Di zaman ini, setiap orang hidup di bawah perlindungan suatu tatanan yang disebut negara. Dan biasanya setiap negara mengidentifikasikan dirinya masing-masing dengan simbol negara berupa: bendera, bahasa, lambang negara, dan lagu kebangsaan. Di Indonesia, misalnya, hal ini diatur oleh UUD 1945 Pasal 35-36 dan UU Nomor 24 Tahun 2009.
Simbol negara (termasuk lagu kebangsaan) telah menjadi urf atau norma dunia yang diakui. Rasulullah ﷺ juga pernah mengikuti norma internasional yang tidak berseberangan dengan akidah.
Anas bin Malik ra. menceritakan, suatu hari Rasulullah ﷺ hendak mengirim surat kepada Kekaisaran Bizantium (Nasrani). Ketika surat sudah siap dikirimkan, seseorang mengatakan kepada beliau ﷺ bahwa Kekaisaran Bizantium tidak akan membaca surat yang tidak berstempel. Begitulah norma internasionalnya saat itu. Rasulullah ﷺ lalu membuat stempel (cincin) dari perak dan membubuhi surat itu dengan stempel yang bertuliskan “Muhammad Rasulullah” (lihat HR. Bukhari no. 2938 & 3106).
Hadis di atas membuktikan bahwa Rasulullah ﷺ tidak serta-merta menolak norma yang ada. Perbuatan beliau ﷺ juga sama sekali tidak dapat dikatakan menyerupai kebiasaan atau model interaksi non-muslim (tasyabbuh).
Sahabat KESAN yang budiman, lagu kebangsaan adalah urf (kebiasaan) yang berlaku umum di hampir seluruh negara, termasuk di negara-negara Islam. Tujuan menyanyikan lagu kebangsaan bukanlah untuk maksiat, tetapi untuk menumbuhkan rasa semangat kebangsaan, cinta tanah air, dan persatuan.

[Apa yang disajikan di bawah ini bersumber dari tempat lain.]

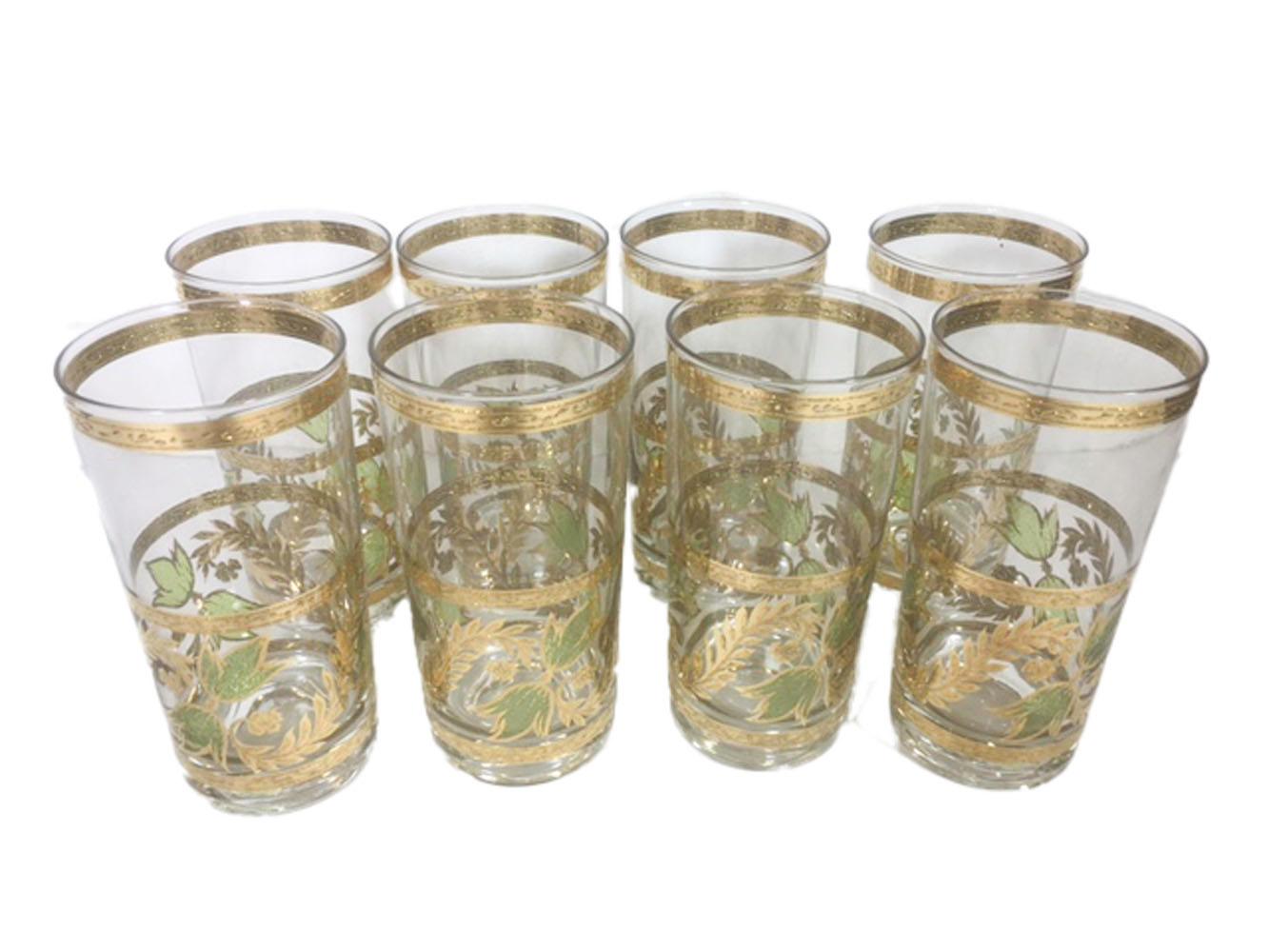 Vintage Mid-Century Modern highball glasses by Culver LTD. decorated with 22 karat gold and translucent green enamel. The lower half of the glass with a wide band of gold vines with green enamel leaves. All in excellent condition.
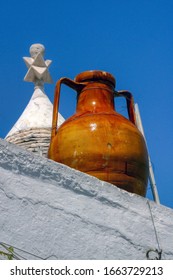 An Apulian Capasone, Clay Bowl, On A Roof Of A Trullo In Alberobello, Bari, Puglia, Italy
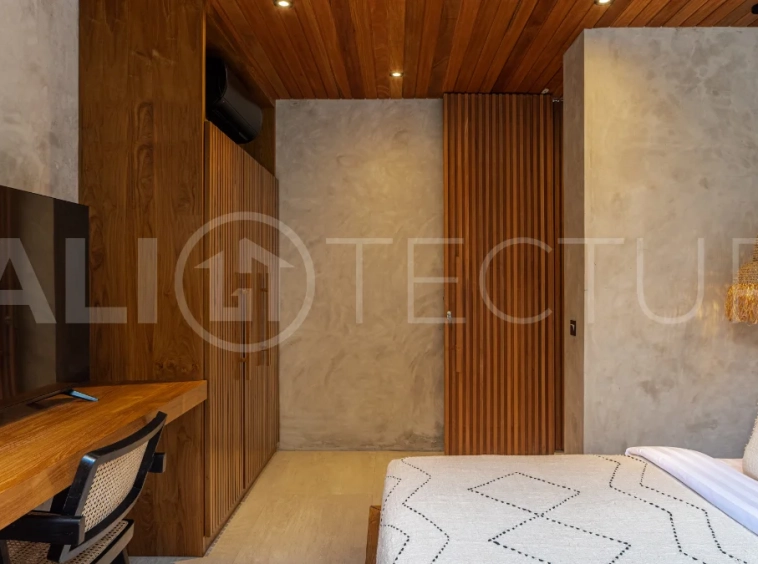 Off-plan 2-bedroom villa for sale near Bingin Beach, featuring traditional Balinese and contemporary architecture, a private 10 m² swimming pool, lush tropical surroundings, and fully furnished interiors.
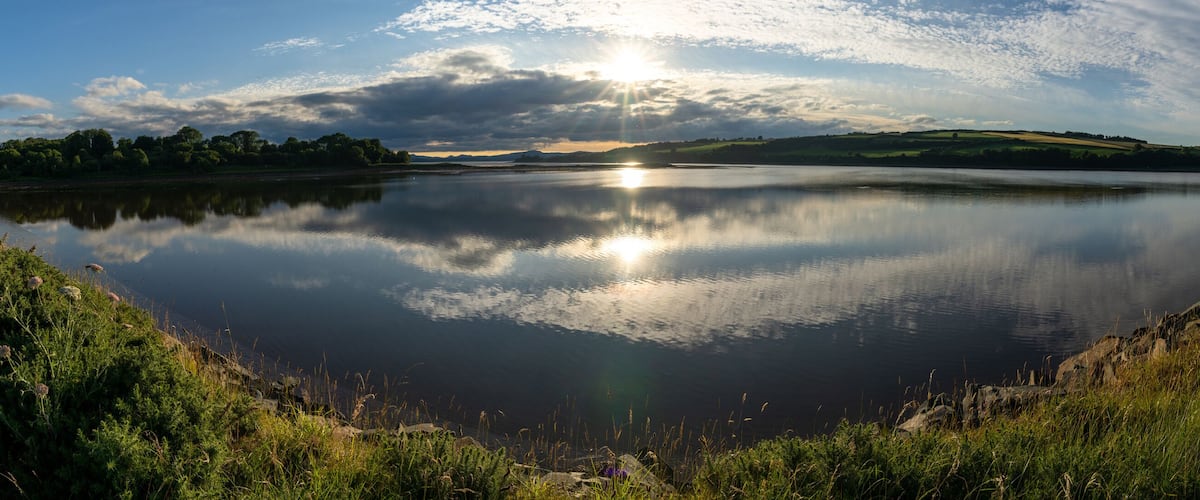 A calm lake with a path along its edge, surrounded by greenery and hills in the background.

Oleh karenanya, di negara-negara Islam saat ini, para ulamanya membolehkan menyanyikan lagu kebangsaan selama itu tidak mengandung kesyirikan dan maksiat, serta dengan prosedur yang juga diperbolehkan secara syariat (seperti tidak ikhtilath dan tidak diiringi pesta minuman keras).
Wallahu A’lam bish Ash-Shawabi.
Referensi: Al-Mausu’ah Al-Fiqhiyyah Al-Kuwaitiyyah, Ibnu Qoyyim Al-Jauziyyah; Ighatsah Al-Lahfan min Mashayid, Wahbah Az-Zuhaili; Al-Fiqh Al-Islami wa Adillatuhu, Al-Ghazali; Ihya’ ‘Ulum Ad-Din, Ibnu Hajar Al-Asqalani; Fath Al-Bari.